TASK GOAL
This task calls for every entry below to be repeated exactly, without the pictures.

EXTRACTED DATA
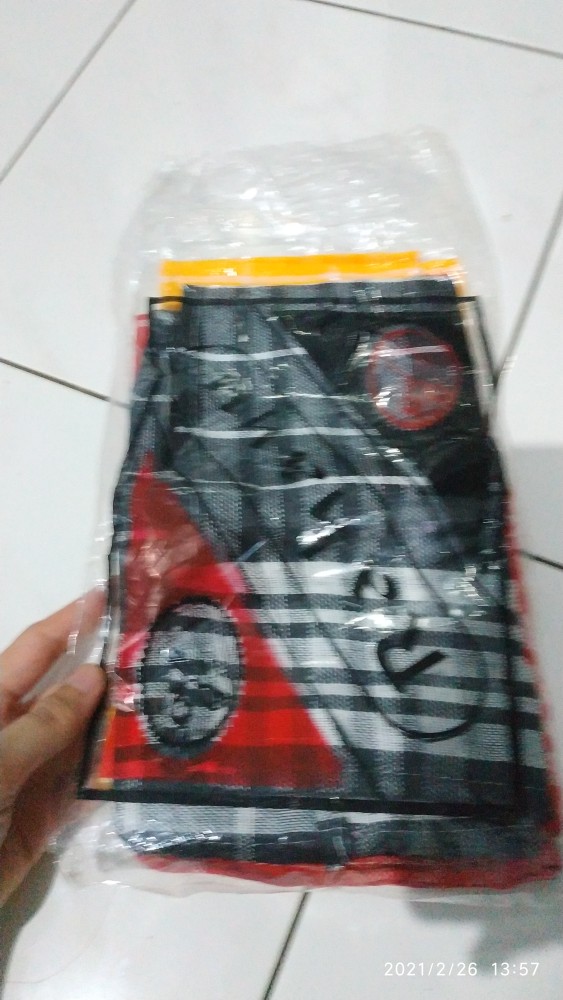 Murah 3pc Lap Piring Kotak / Serbet / Lap Piring Warna Terang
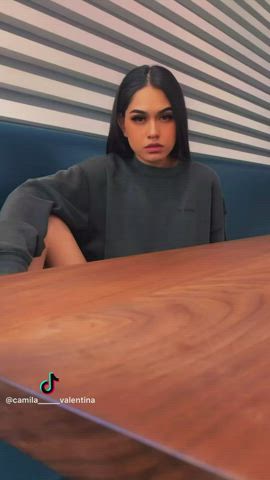 amateur flashing latina public pussy clip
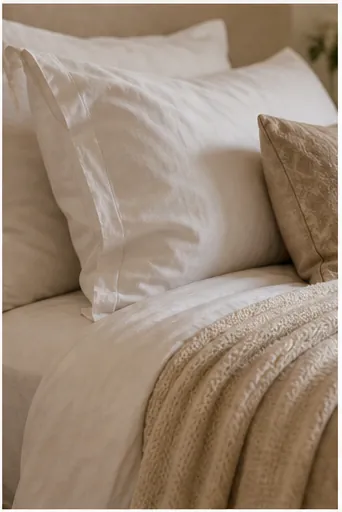 Beige Bedroom Ideas With Gold and White Accents - repeat gold in three small places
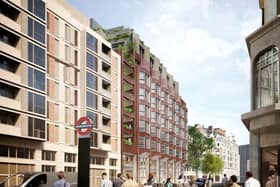 An artist's impression of the development looking east along Brompton Road
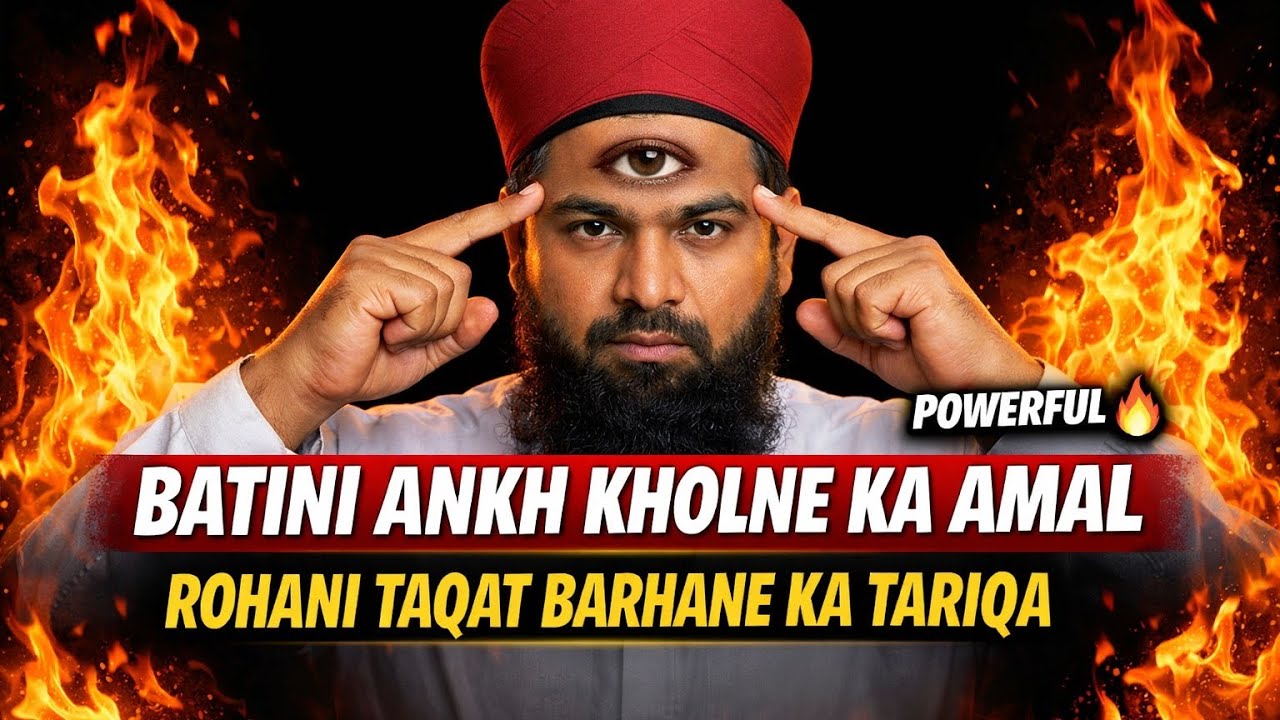 🌙Batini Ankh Kholne Ka Amal | Rohani Taqat Barhane Ka Powerful Tariqa @saqafi amliyat 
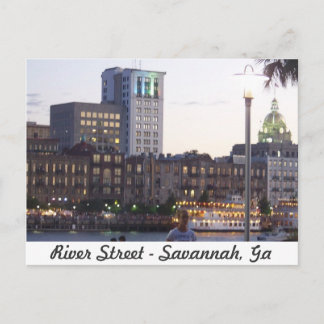Carte Postale River Street - Savannah, Géorgie
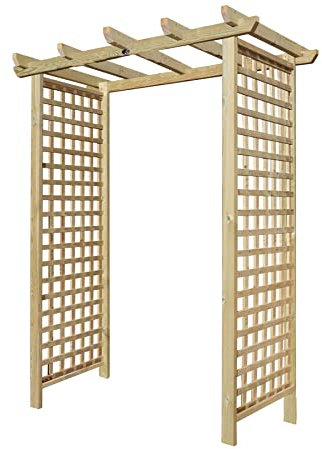 Premier Arch H:7ft (210cm) x W.6ft (180cm) Garden Walkway Archway Privacy Square Plant Decorative Plant Climber Sides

TASK ANSWER
 Murah 3pc Lap Piring Kotak / Serbet / Lap Piring Warna Terang
 amateur flashing latina public pussy clip
 Beige Bedroom Ideas With Gold and White Accents - repeat gold in three small places
 An artist's impression of the development looking east along Brompton Road
 🌙Batini Ankh Kholne Ka Amal | Rohani Taqat Barhane Ka Powerful Tariqa @saqafi amliyat 
Carte Postale River Street - Savannah, Géorgie
 Premier Arch H:7ft (210cm) x W.6ft (180cm) Garden Walkway Archway Privacy Square Plant Decorative Plant Climber Sides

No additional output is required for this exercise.